Don't render initial text in followStream

When the session SSE fires the streaming message event, event.data.message may already contain text. It's tempting to render it immediately — but then there's a visible gap while the per-message SSE connection establishes, and the next batch of words creates a jarring jump. Instead, just create the empty message bubble in followStream and let the per-message SSE deliver all words from the start. This produces a single smooth cascade with no stall in the middle.

Summary: Key Principles​

  1. Events, not request-response. Send a message, then listen for events. Don't expect a synchronous reply.

  2. Track offsets for reliability. Always reconnect with the last offset you processed. The offset system is your guarantee against missed or duplicate events.

  3. Check chunks per message, not per agent. Even on a streaming agent, some messages (like canned responses) arrive as blocks. Check the chunks field on each message individually.

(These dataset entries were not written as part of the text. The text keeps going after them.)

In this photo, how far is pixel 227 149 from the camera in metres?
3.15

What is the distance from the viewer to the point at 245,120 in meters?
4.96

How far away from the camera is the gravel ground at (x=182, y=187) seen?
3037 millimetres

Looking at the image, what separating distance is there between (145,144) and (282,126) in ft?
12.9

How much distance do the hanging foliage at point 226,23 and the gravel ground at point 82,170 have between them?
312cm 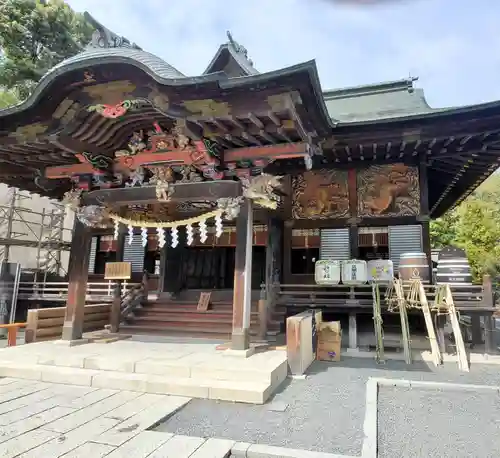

  4. Two-tier SSE for streaming. Session-wide SSE discovers new events; per-message SSE follows chunk updates. You need both to render streaming text incrementally.

  5. Hide on ready, finish on completed. Every ready event means nothing is happening right now — hide your indicator. But only ready with stage: "completed" means no more messages are expected for this turn. Streaming completion is separate — check for a null terminator in the chunks array.